Hey purrkitty. That sounds backwards to me, at least for how most drag cars would be set up. For drag racing, you want it stiff in the back. This is newton's 3rd law. If the suspension is "collapsing" that means that the tire is being pulled away from the ground. If the distance between the body and the suspension stays the same or increases, that means the force on the tire is going the opposite direction, which means it's planting the tire. Good "squat" is the tire biting down into the track and wrinkling up. I read online people talking about squat like it is a good thing. I guess that's what they mean, the tire smooshing which makes it look like the body is going down. But I am old enough that sometimes the words people use have changed, lol. It's always confusing to me to read that.
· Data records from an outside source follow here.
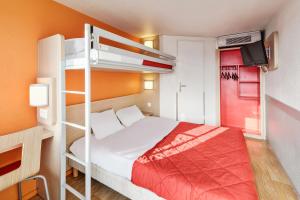 a bedroom with a bed and a bunk bed at Premiere Classe Beauvais in Beauvais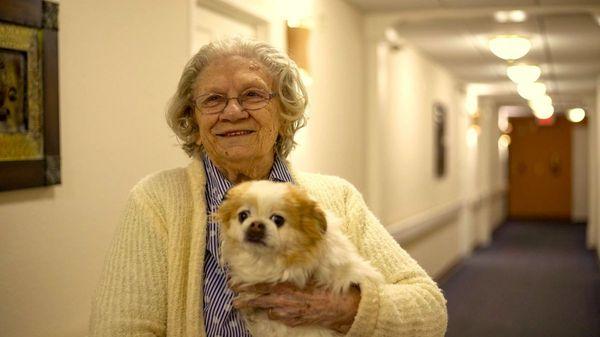 Resident With Her Pet at Kingston Residence of Santa Fe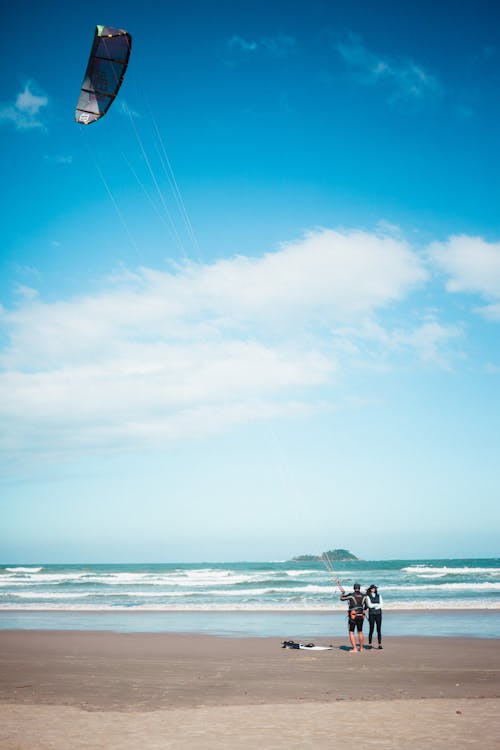 Free Person Standing on Beach Preparing for Kitesurfing Beside Another Person Stock Photo
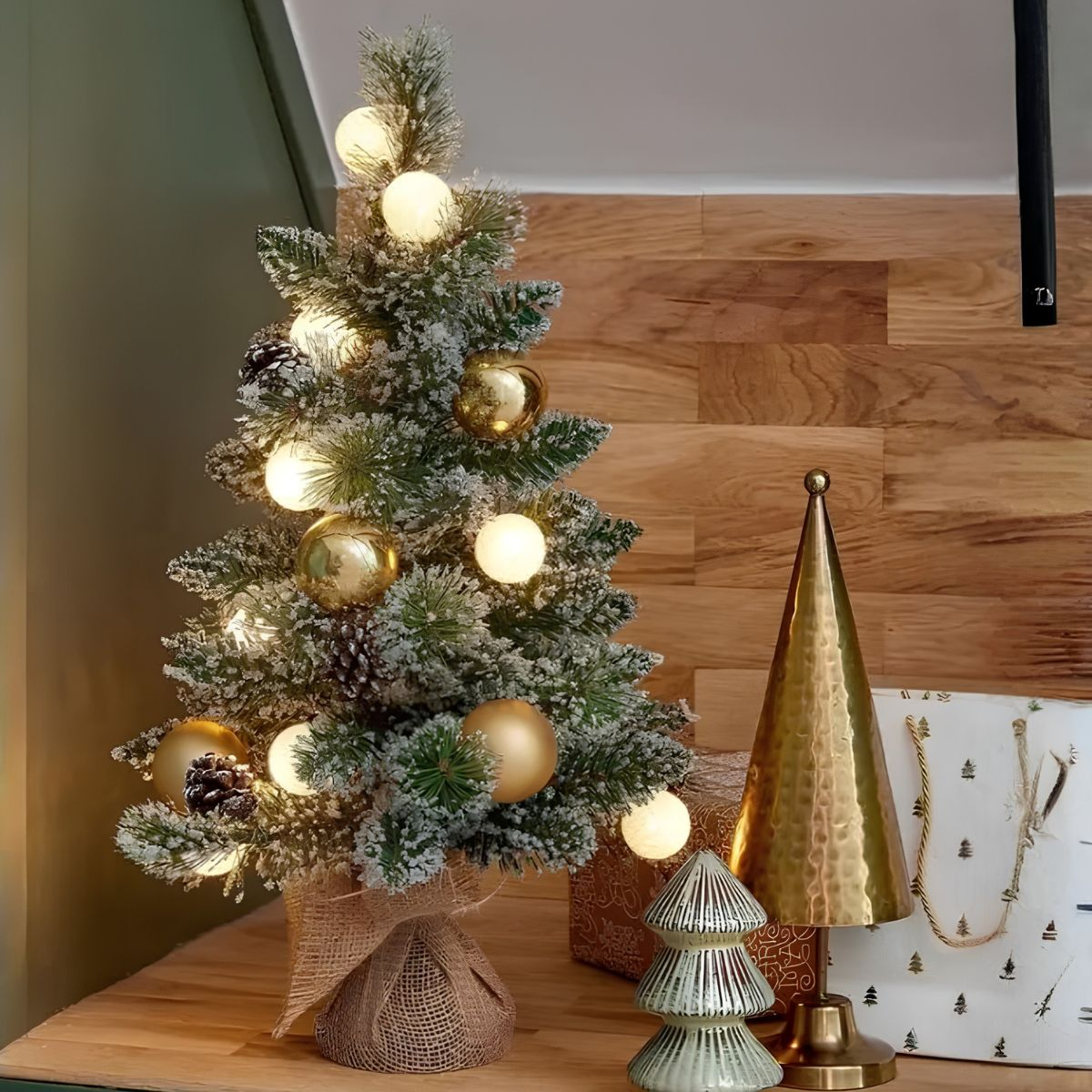 Ein geschmückter, verschneiter Tisch-Weihnachtsbaum mit Lichtern und goldenen Kugeln neben einer goldenen Tannenfigur.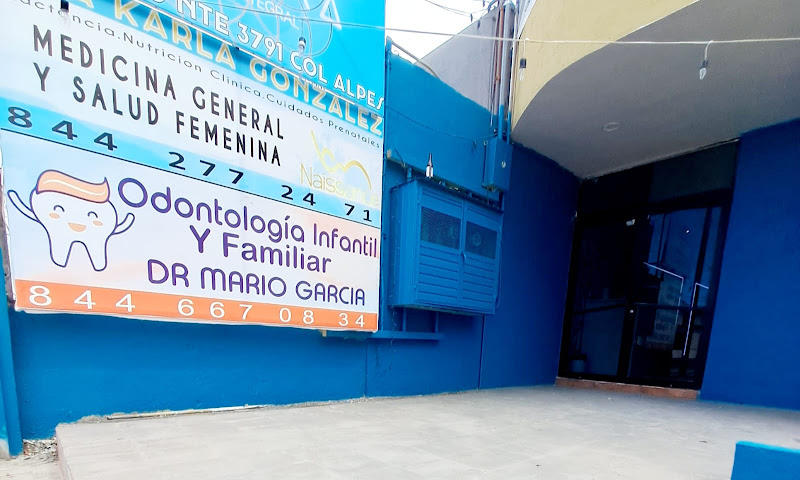Dentista infantil en España - Exterior de un edificio azul con dos carteles; uno anuncia servicios de salud general y de la mujer, y el otro promociona la odontopediatría y odontología familiar del Dr. Mario García, odontopediatra en Saltillo. A la derecha se ve una entrada con puerta de cristal. | Clínica dental pediátrica Dentistainfantilcercademi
In the "old" days (the 80's ha ha), we talked about anti-squat bars, etc., which were used to keep the body from squatting, or we would run air bags, or a stiffer spring and lakewood drag shocks, or an adjustable shock, or lowering brackets for the lower control arms. Anti squat bars, like on my chevelle, shorten the instant center. Nowadays on 3 link or 4 link solid axle street cars everyone uses lowering brackets for the rear mounting point of the lower control arms to achieve the same effect rather than raising the diff mounting point of the upper arms. IRS is a whole different game, of which I don't know much.
Watch a street car at the track, especially if it's a stick, and if they have stock suspension you'll see the back end squat down ever time they shift, and they are probably also losing traction momentarily.
In the front, run loose. Adjustable shock. My mustang I set the front shock on 3 and the rear on 8 (12 being the stiffest setting).
I haven't found that unbolting the front sway bar matters if you still have the same spring and shock. But I haven't checked this on my hellcat, just other cars like my Chevelle and mustang. Front springs have to have stored energy so there is front end travel and an adjustable shock. Measure from the edge of the fender, right above the tire to the ground, and then start jacking up that side until the tire is almost off the ground. Measure down from the fender again. That difference is your front end travel. I had like 8 or 9" of travel on my Chevelle. Great for drag racing. Terrible for street driving. But it's easy to check just do what I described here and see if the front end travel changes when you disconnect the endlinks. Getting the weight off is another matter, so if someone were trying to save every pound it would make sense.
These modern cars are pretty amazing with how they can hook up without having the suspensions set up for drag racing. Today's race tires are probably a part of that too. A good track and really good tires make up for a lot of the poor setup in suspension, I guess. And, again, this modern IRS and all that is pretty darn cool.
To really see how much the car squats in terms of the body relationship to the suspension, put a zip tie on the shock and make a pass. Then look and see how far the zip tie moved up.
The one thing I wish the hellcats had is an adjustable rear shock.
Pretty cool that the SS has a setting like that for drag racing.
Front drag shocks usually come in 90/10, 80/20, or 60/40. The first number is how easily it will extend and the second is how easily it will compress. The idea is for it to extend quickly and then stay there and slowly come back down, etc. So a 90/10 shock basically extends 9 times more easily than it compresses. For rear shocks it might be 50/50 or whatever. I have single adj on my mustang so it changes both extension and compression together. A double adjustable shock you can control the compression and extension separately. I've never had a car that was fast enough to need double adjustable, lol, but my friend has a chevelle that runs 6.40s in the 1/8 lifting to stay legal, at 5500 DA and he really has that thing dialed in, all motor. The shocks are $$$.
I also haven't found that an adjust front shock doesn't matter much if you are still using the stock front spring since the spring rate isn't designed for stored energy to allow the front end to travel.
Dang I wrote a lot. Sorry about that everyone.